Quote each line of the material verbatim, without the pictures.

(GIVEN MATERIAL)
• • • • •
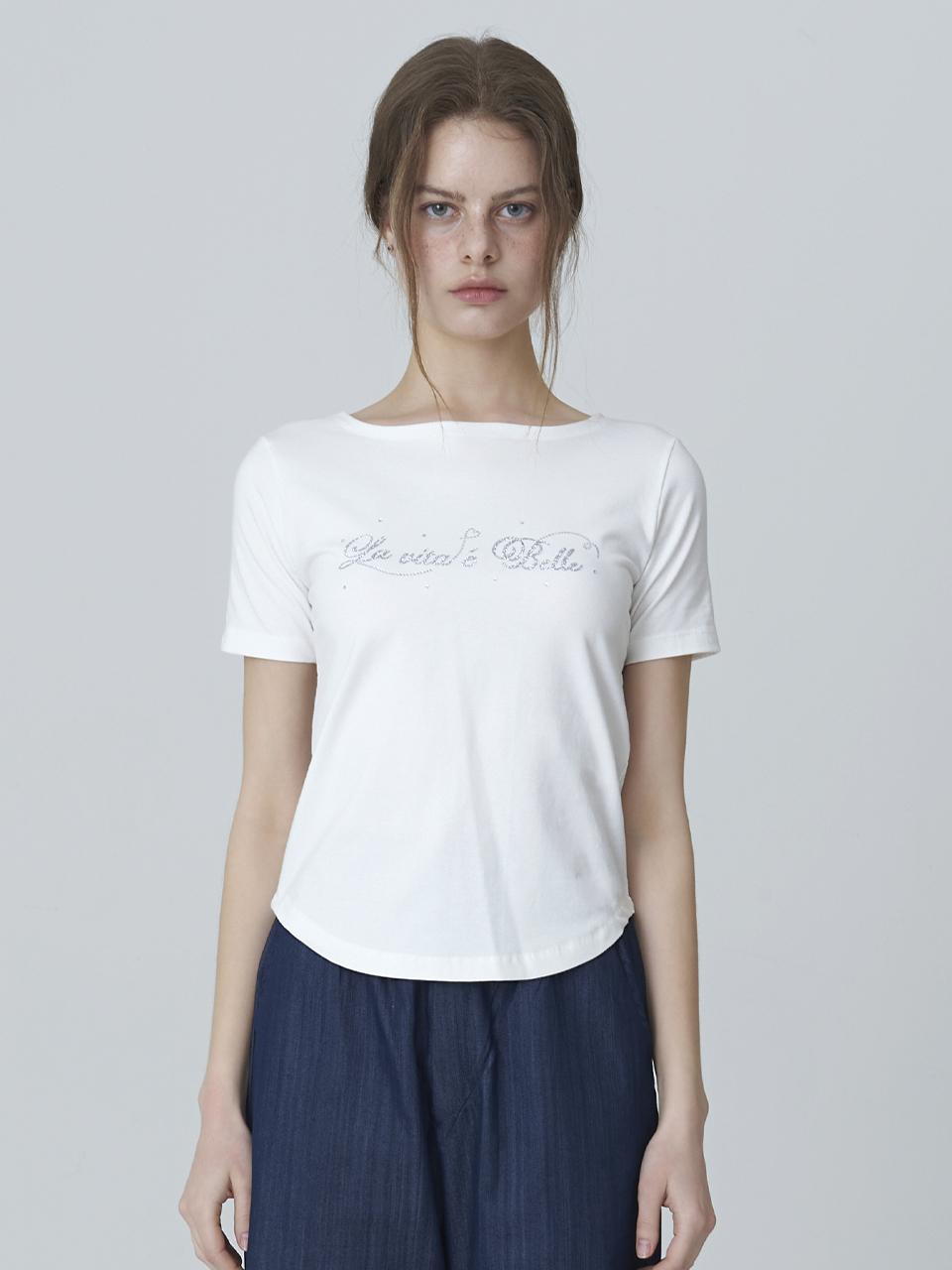 Adore Bell Lettering Cubic Boat Neck T-Shirt - White Free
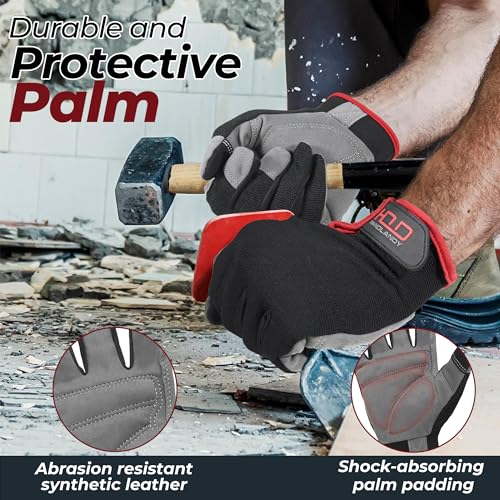 Work Gloves for Men & Women (Black (1 Pair) / Small)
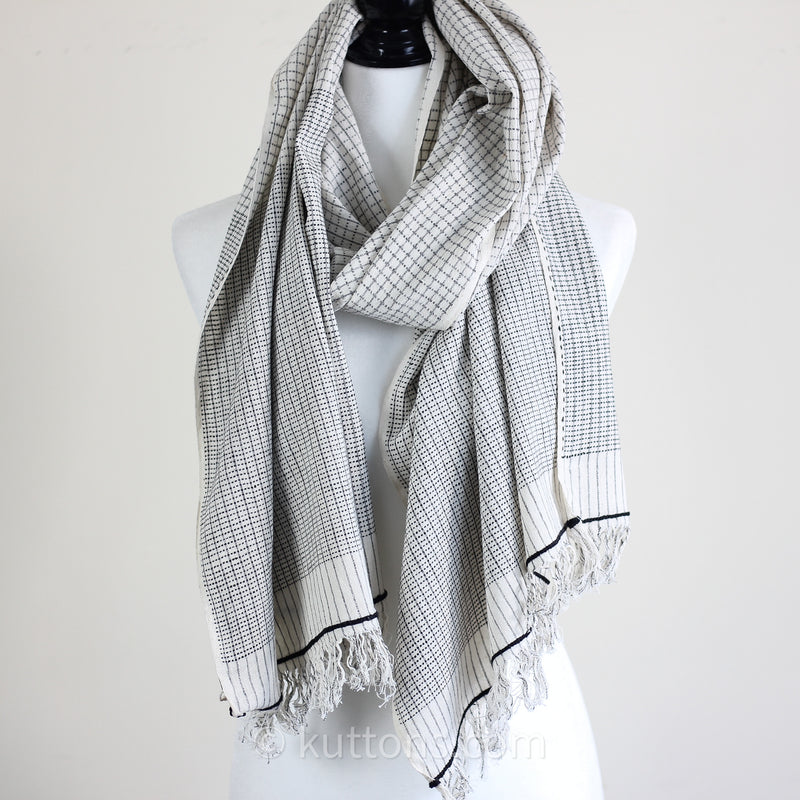 Handspun & Handwoven Cotton Scarf - Sustainable Fashion Stole by Women Artisans | White-Gray, 23x77"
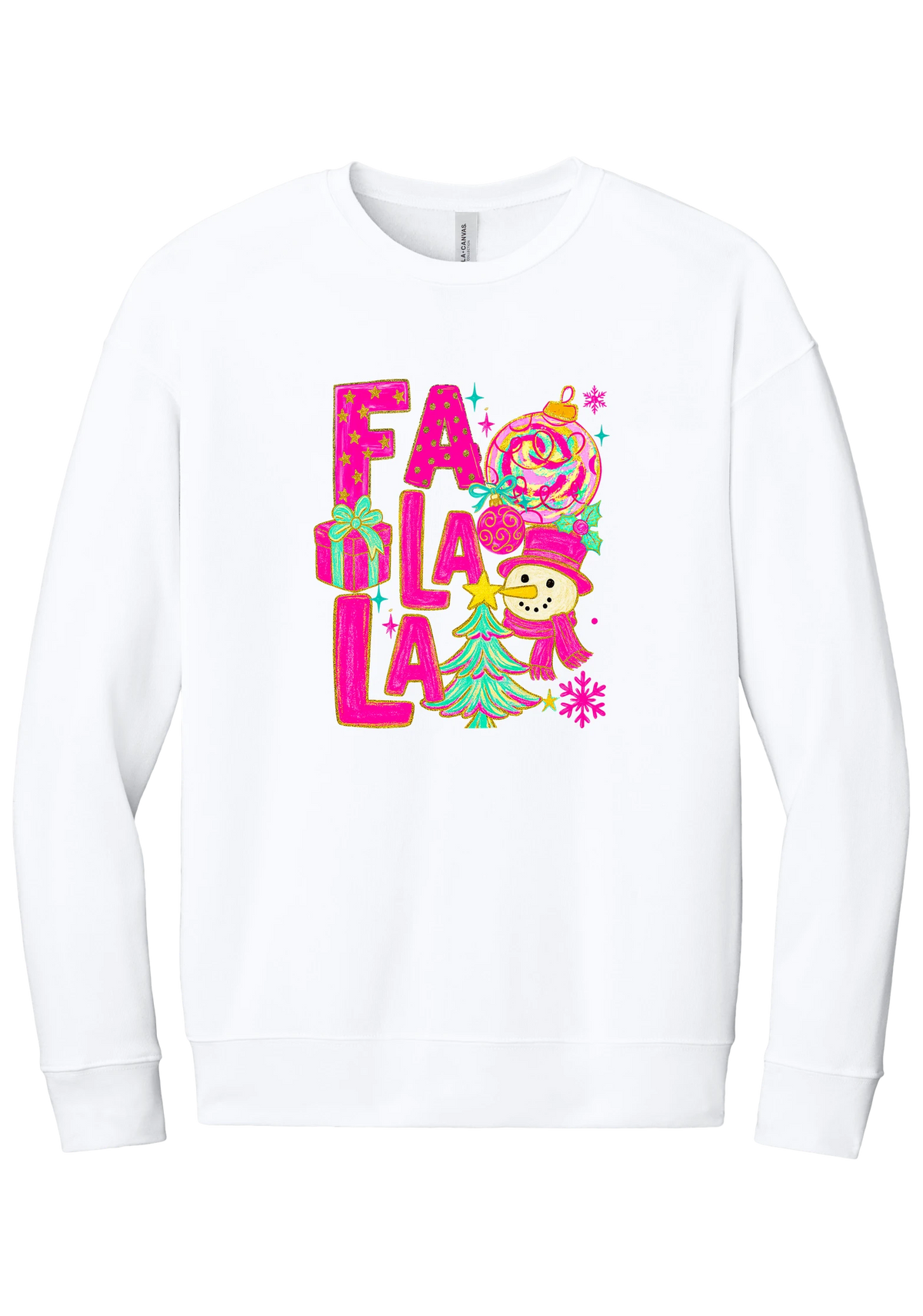 Fa La La Snowman crewneck sweatshirt in White, featuring stacked hot pink FA LA LA letters with a snowman, a tinsel tree, gifts, and ornaments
• • • • •
(RESPONSE)
 Adore Bell Lettering Cubic Boat Neck T-Shirt - White Free
 Work Gloves for Men & Women (Black (1 Pair) / Small)
 Handspun & Handwoven Cotton Scarf - Sustainable Fashion Stole by Women Artisans | White-Gray, 23x77"
 Fa La La Snowman crewneck sweatshirt in White, featuring stacked hot pink FA LA LA letters with a snowman, a tinsel tree, gifts, and ornaments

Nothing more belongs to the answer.